(Available data)

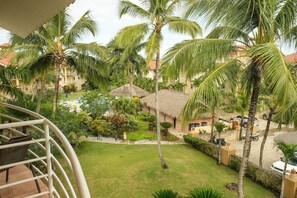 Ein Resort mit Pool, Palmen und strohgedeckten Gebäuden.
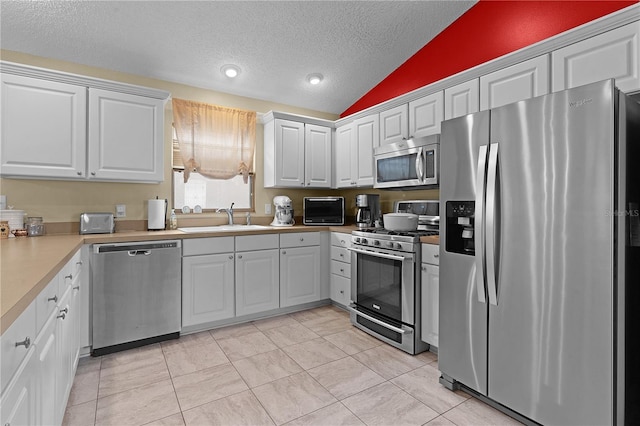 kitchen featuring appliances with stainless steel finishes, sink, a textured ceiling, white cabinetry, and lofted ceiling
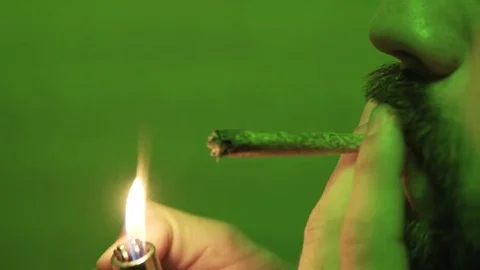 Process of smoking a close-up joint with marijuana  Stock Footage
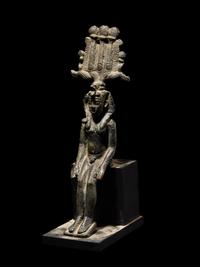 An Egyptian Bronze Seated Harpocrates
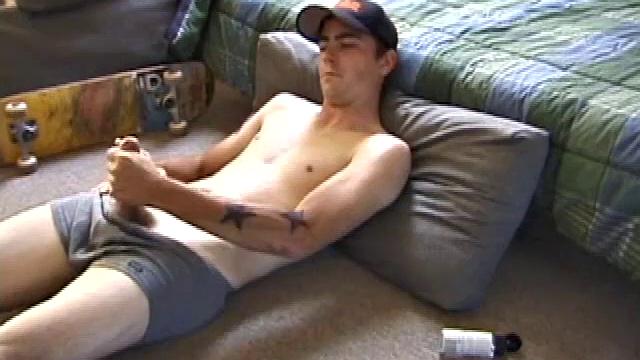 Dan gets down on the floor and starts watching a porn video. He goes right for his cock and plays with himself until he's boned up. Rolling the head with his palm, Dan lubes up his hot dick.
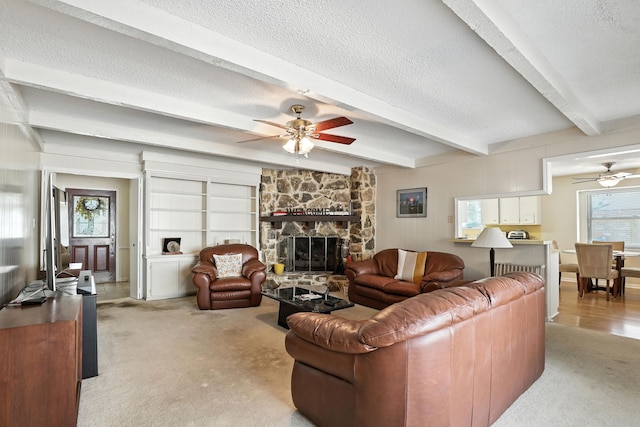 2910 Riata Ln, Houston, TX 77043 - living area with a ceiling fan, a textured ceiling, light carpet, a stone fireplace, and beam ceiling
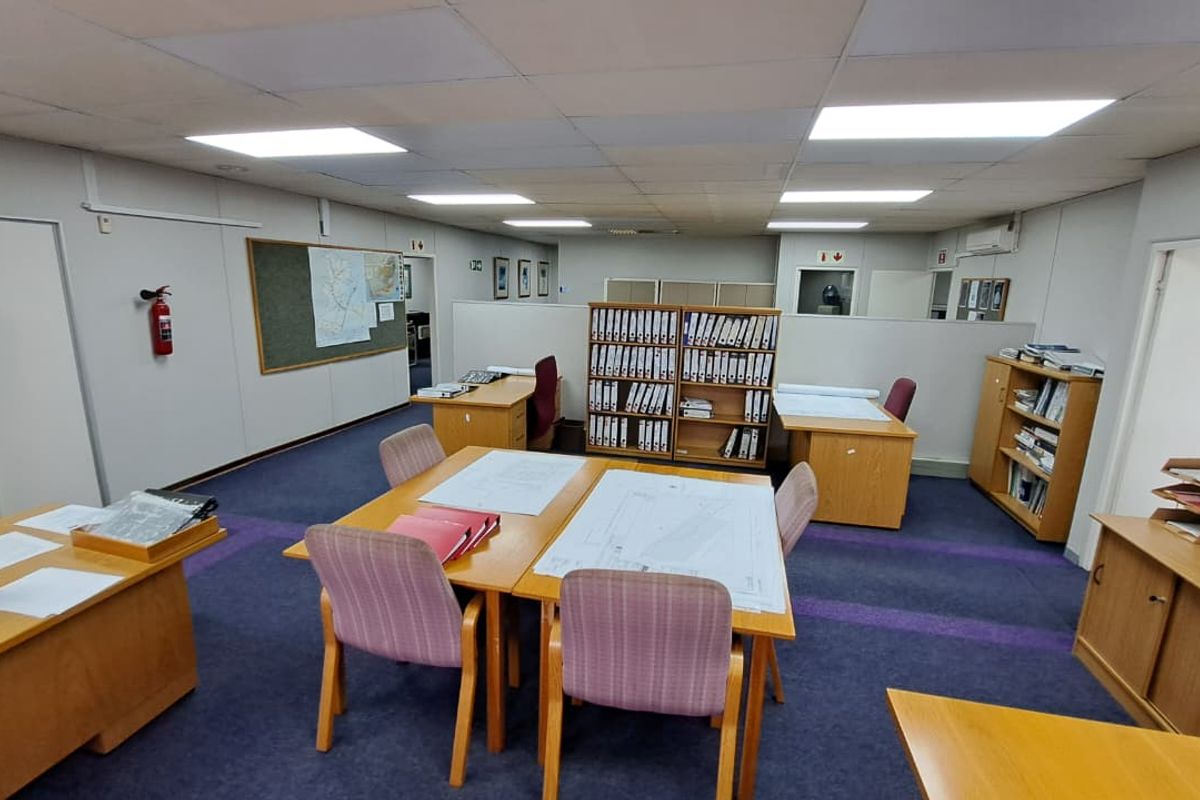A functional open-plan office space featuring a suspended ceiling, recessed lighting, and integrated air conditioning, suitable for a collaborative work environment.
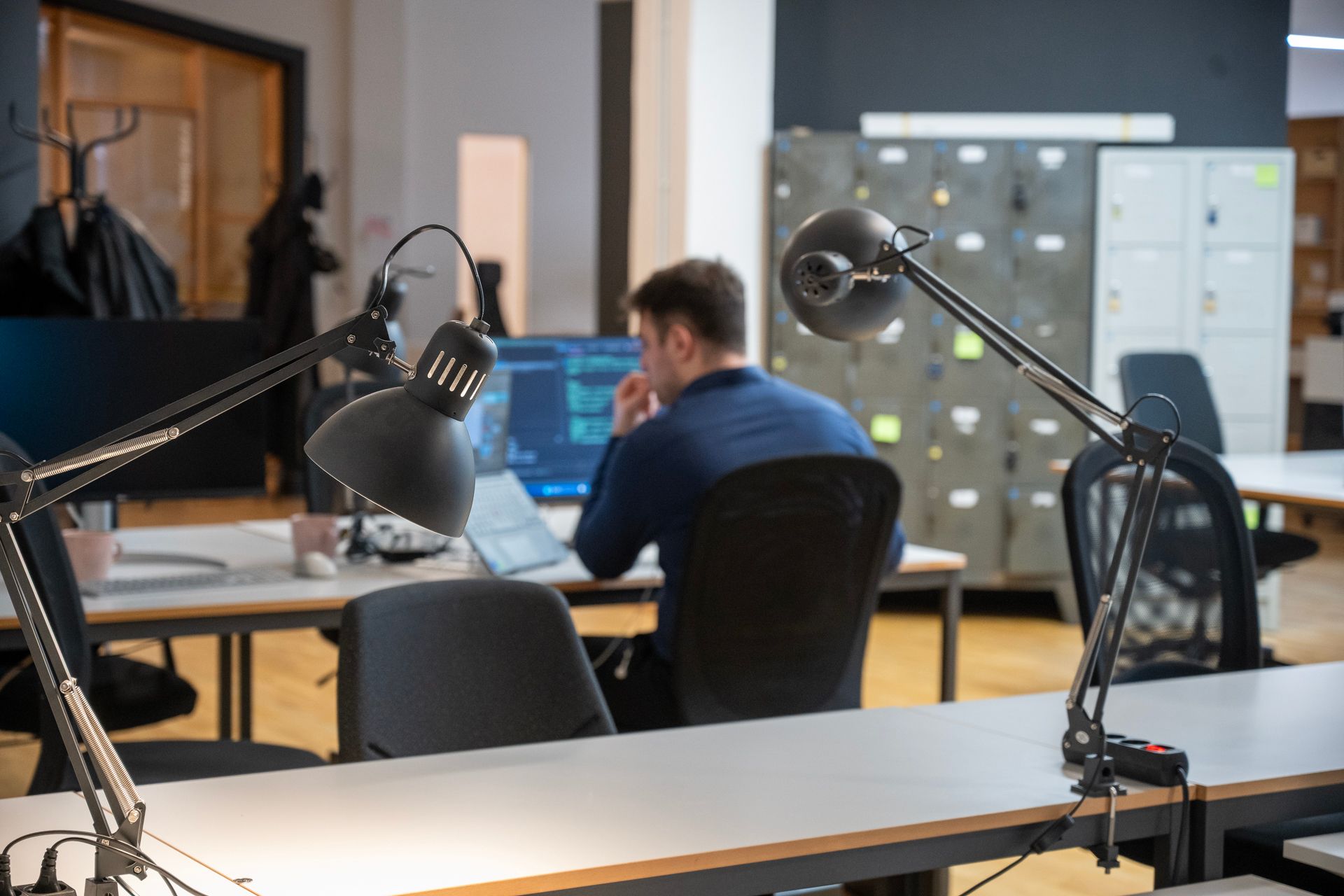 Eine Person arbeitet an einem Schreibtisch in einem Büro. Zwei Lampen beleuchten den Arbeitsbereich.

(End Available data)
(Available data)

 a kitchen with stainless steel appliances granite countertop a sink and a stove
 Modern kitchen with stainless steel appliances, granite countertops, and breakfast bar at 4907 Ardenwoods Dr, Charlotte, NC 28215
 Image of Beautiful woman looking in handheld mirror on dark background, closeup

(End Available data)

Among the entries above, copy exactly only the lines starting with the one containing "a kitchen with" and going through the one containing "Image of Beautiful", both ends included.

 a kitchen with stainless steel appliances granite countertop a sink and a stove
 Modern kitchen with stainless steel appliances, granite countertops, and breakfast bar at 4907 Ardenwoods Dr, Charlotte, NC 28215
 Image of Beautiful woman looking in handheld mirror on dark background, closeup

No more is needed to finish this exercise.